Same Girls, Different Lives
- Jan 27
- 2 min read
“I wish we were back in high school!”
A co-worker had recently said this to me. Now, it’s important to note that I am only
in my mid-twenties. But God, did this comment bring on some unsettling anxiety. I forced a smile and nodded, but I couldn’t bring myself to add anything more.
We always hear about stories filled with nostalgia about former years. High School, Middle School and Elementary School. And don’t get me wrong, I had some great moments. But do you want to go back in time? I don’t wish for that. When I think
about High School, I think about how different I was.

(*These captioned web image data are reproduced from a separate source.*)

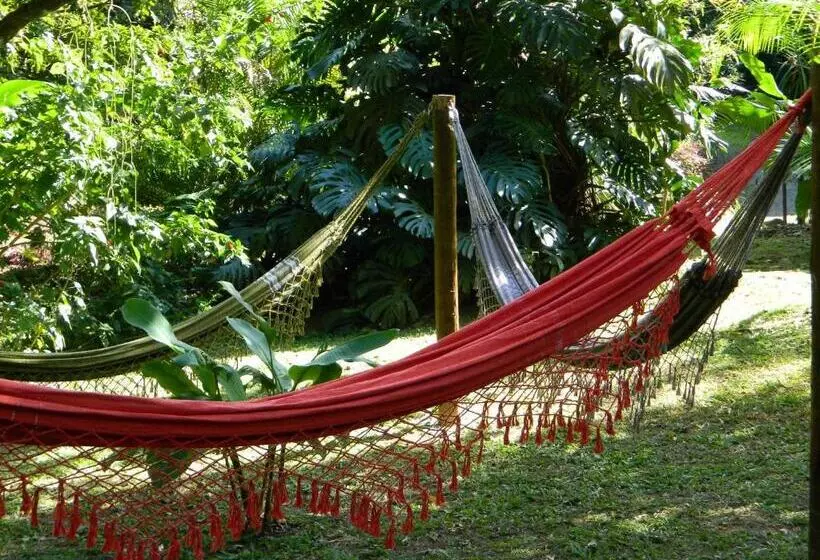 Majatalo Bicho Do Mato Suites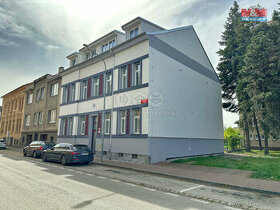 Pronájem bytu 1+1, 26 m², ul. Lipenská, České Budějovice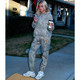product variation BANDED Women's Low Key Realtree Xtra Grey Sweats (B2210010-XG) image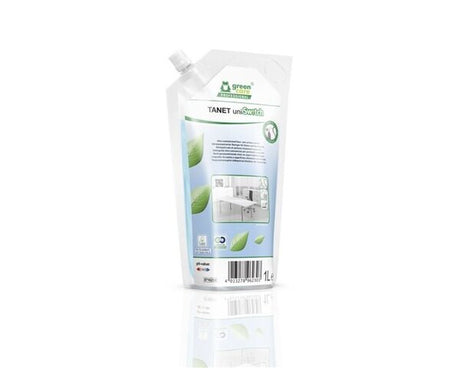 Green care professional green care tanet uniswitch refill indvendig rengøringsmiddel (1 liter)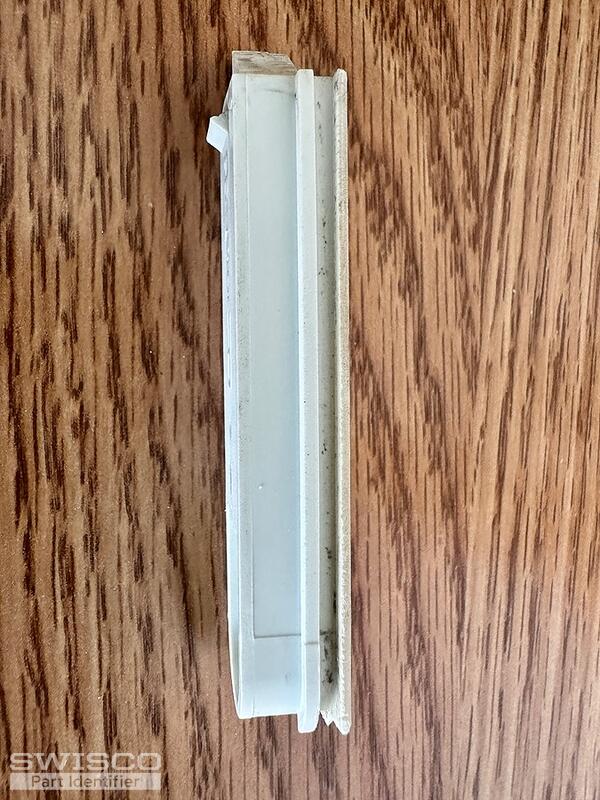 Window Tilt Latch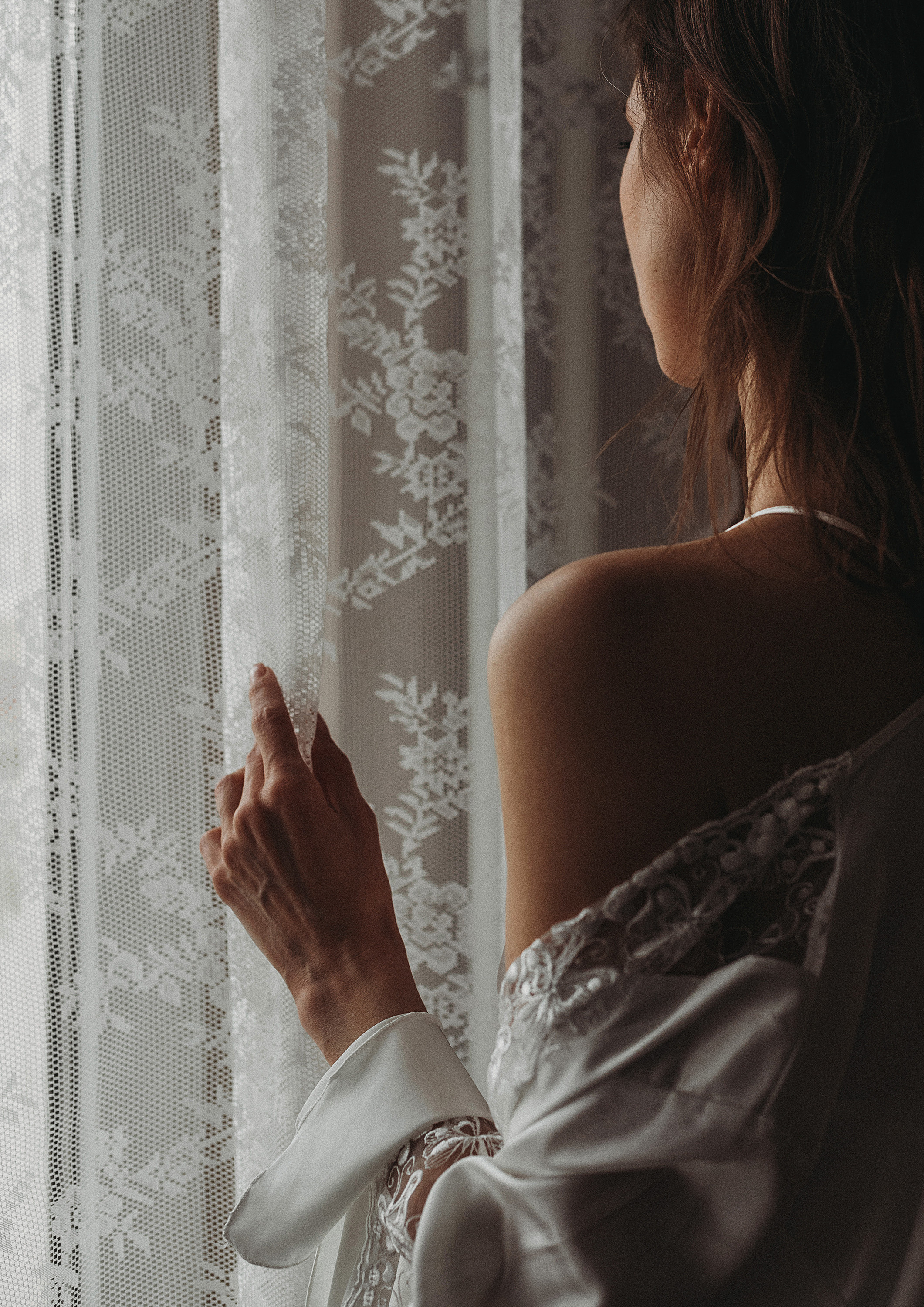 Долгим взглядом твоим истомленная…. Фотограф в Краснодаре Алена Соколовская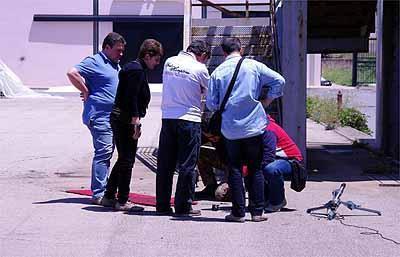 Falso allarme bomba in una scuola di Iglesias 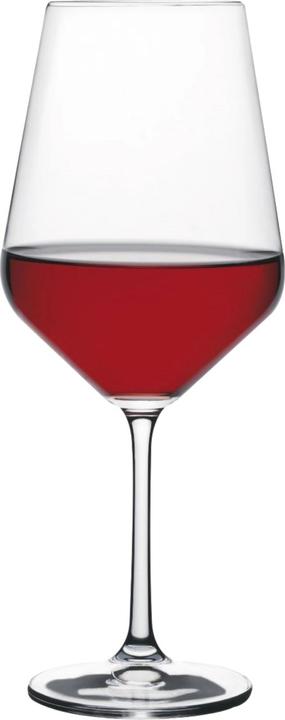 Immagine prodotto Rastal Set di 6 Harmony 53 vino rosso 51,2cl 22,3cm (Bicchieri da vino rosso)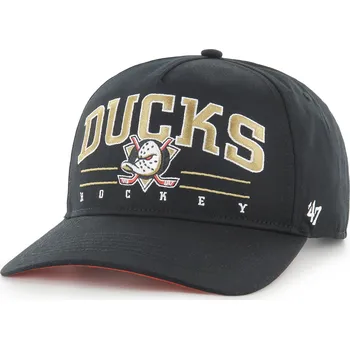 Kšiltovka 47 Brand Pánská kšiltovka Anaheim Ducks NHL Roscoe ’47 HITCH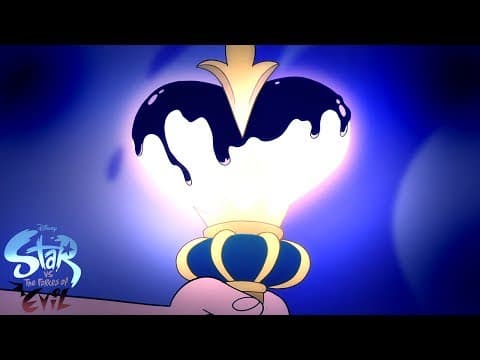 Battle For Mewni (Teaser) | Star vs. the Forces of Evil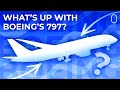 Will There Ever Be A Boeing 797?
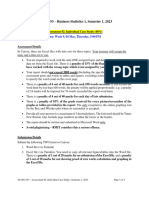 Assessment #2 2023A - Topic2 - Health Expenditure (Instructions)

I was a child, still learning what I liked and didn’t like. Friendships were based mostly on the fact that we spent every day together, and loosely on common interests.

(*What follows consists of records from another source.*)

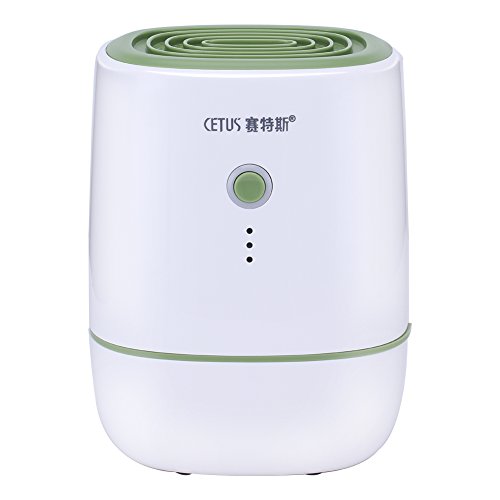 Déshumidificateur electrique absorbeur d'humidi...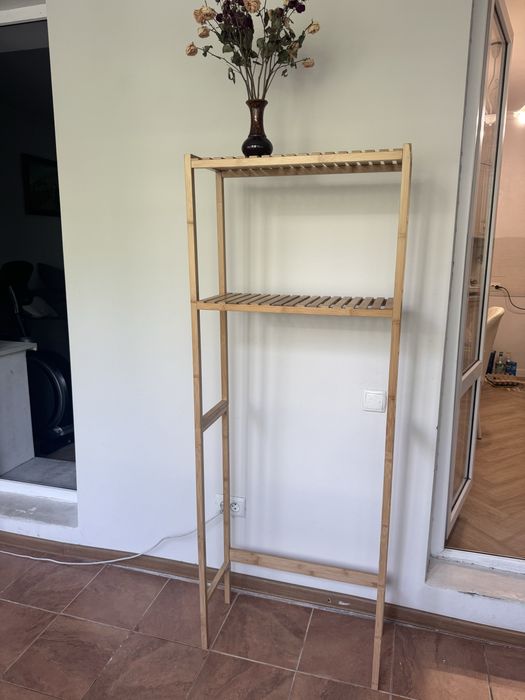 Стеллаж новый ikea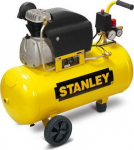 Compressor Stanley FCDV404STN006 8bar 50L (FCDV404STN006)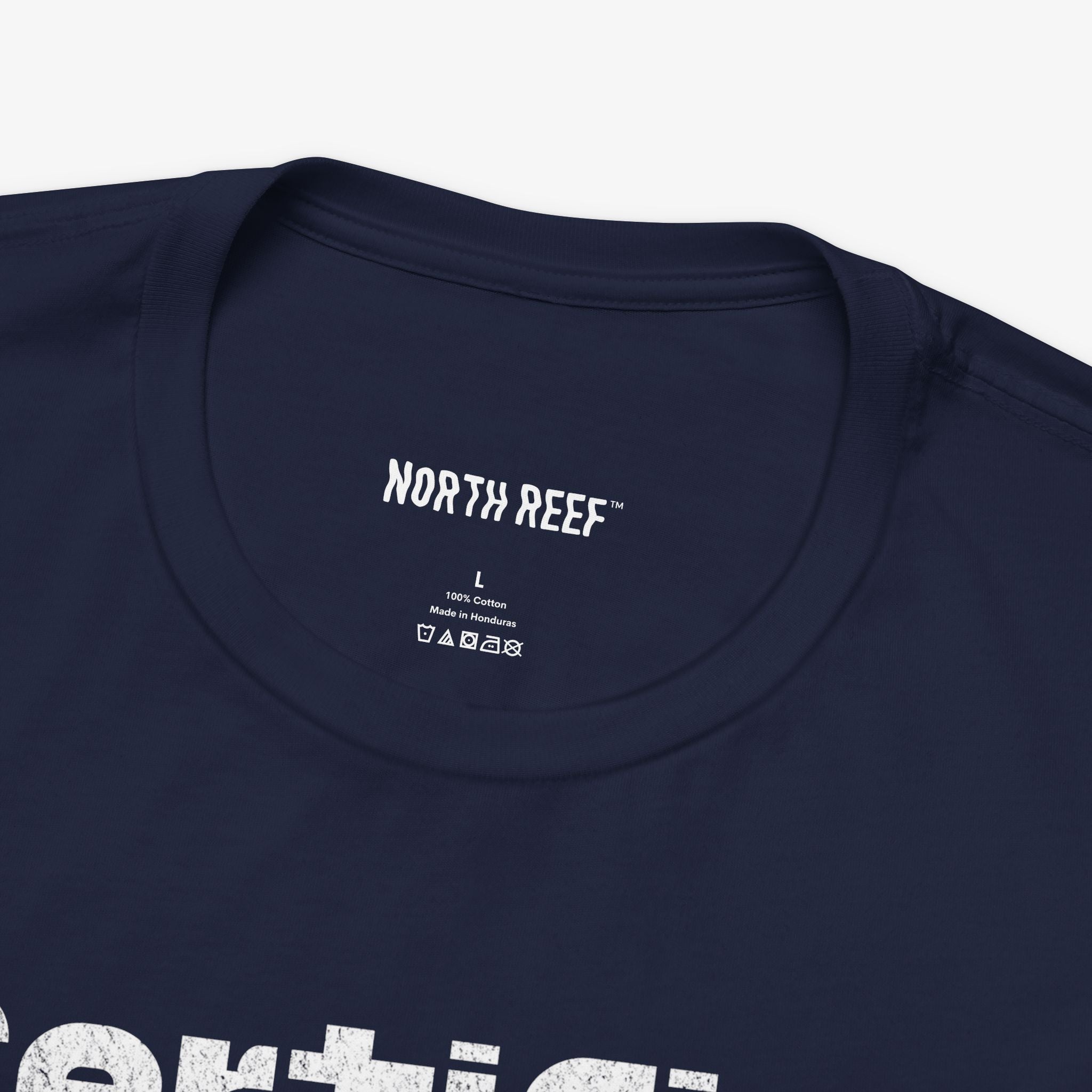 Certified Untangler T-shirt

There’s a reason I kept very few friends from those years. Looking back, I have
really and truly just outgrown my old life. I had outgrown most of those friendships by the time University rolled around.

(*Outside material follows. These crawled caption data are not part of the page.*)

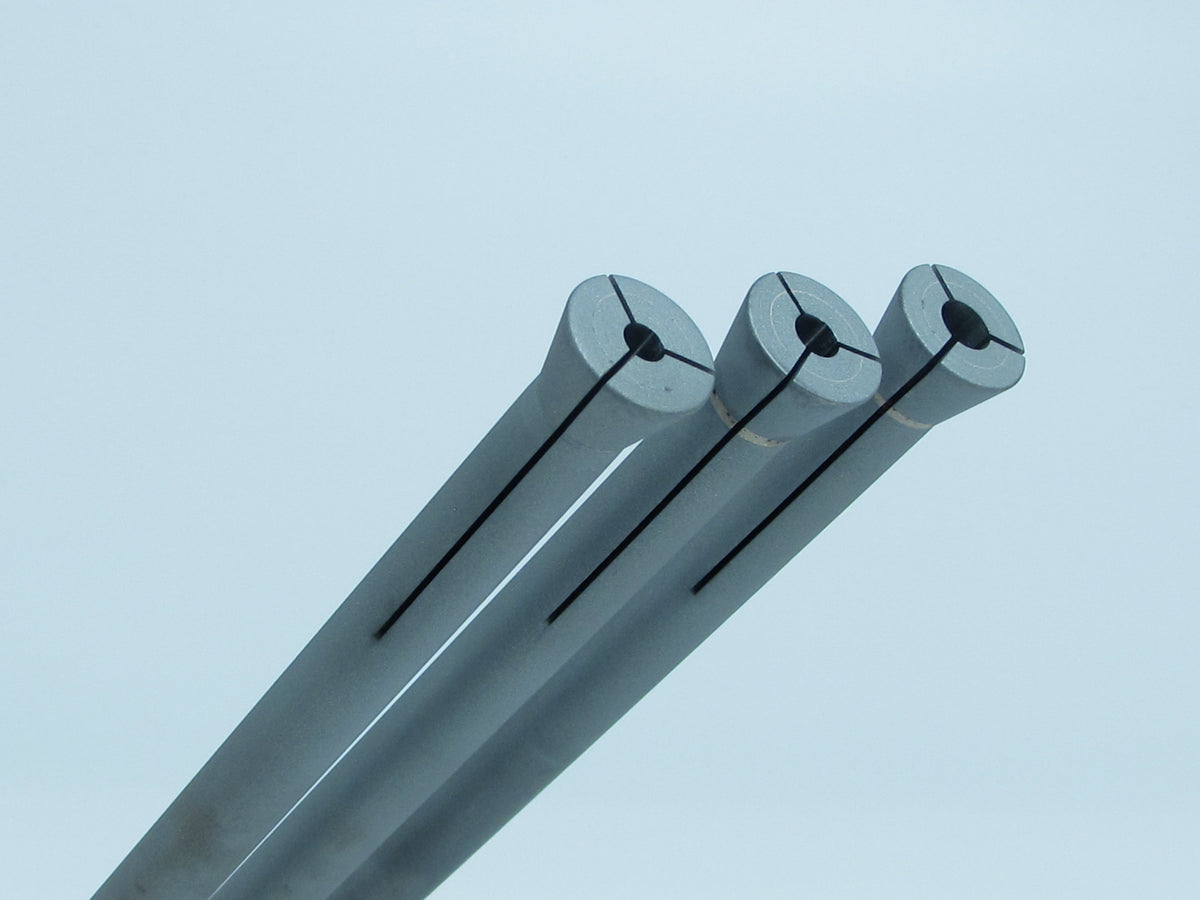 P60C Optional Collets #5 5.0mm #6 6.0mm #7 7.0mm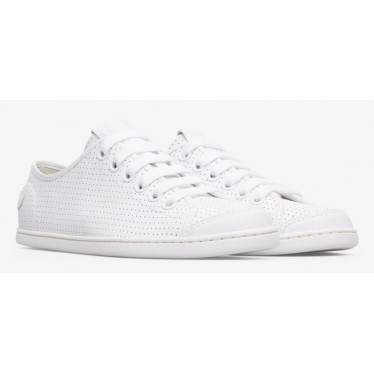 SCARPE SPORTIVE CAMPER UNO 21815 BLANCO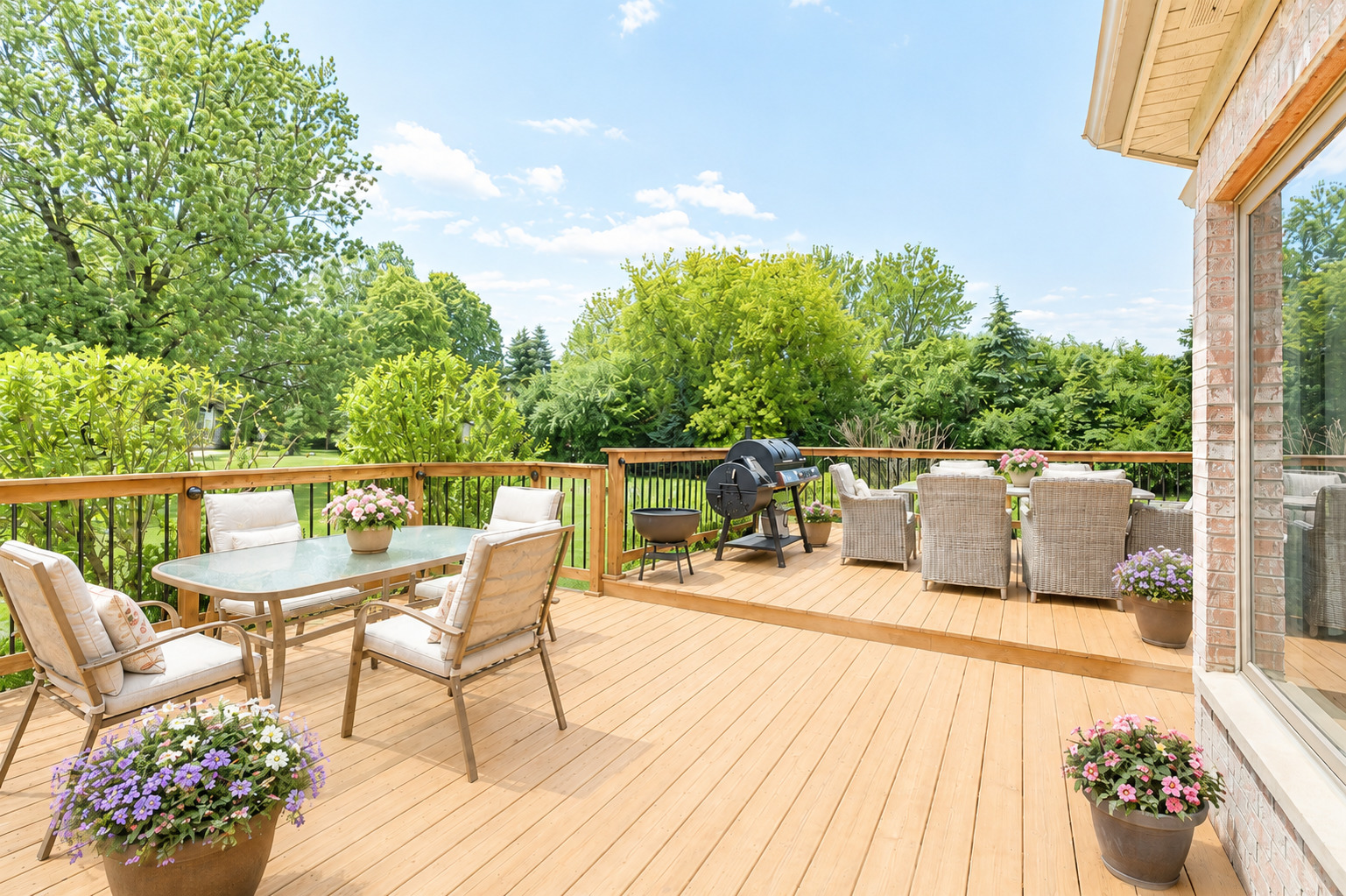 780 North St Marys Road Libertyville, IL 60048 - Photo 4 of 45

No matter how hard I tried to find the ease of childhood friendships, I just couldn’t. I was an adult. I formed my own opinions, my own ethics, my own wants and desires. What I classified as a friendship, a relationship, wasn’t the same anymore. It didn’t just matter if we spent time together. I didn’t want to only have a relationship with people who saw the best in me. I wanted to be around people who saw me at my worst and still wanted me in their lives. A friendship that didn’t need constant communication
and outings to be real and raw.
The guilt was overwhelming. When friends asked why I was so distant, I didn’t know how to explain how I felt. It seemed like no one else around me was ready to let go of their old selves. But I had new hobbies, interests, and a different plan for my life.
I wasn’t sixteen anymore. It’s not talked about often, having to end a friendship because
you’re just not in the same parts of life anymore. I never felt so selfish, so unhappy before. In the end, it needed to happen. I realize it now. I’m happily married, I have a stable career. I’m ready to start my own family. And I have new friendships that don’t see the sixteen year old girl I used to be, but the woman I am now. They take me as I am, the good, the bad and the ugly.
So if you’re reading this, maybe feeling like you just don’t feel like the same person you used to be, it’s probably because you’re simply not. We aren’t meant to live the same way at forty five years old than we did at twelve. We should be changing and growing.
It’s okay to outgrow people, and it’s okay to outgrow your old life.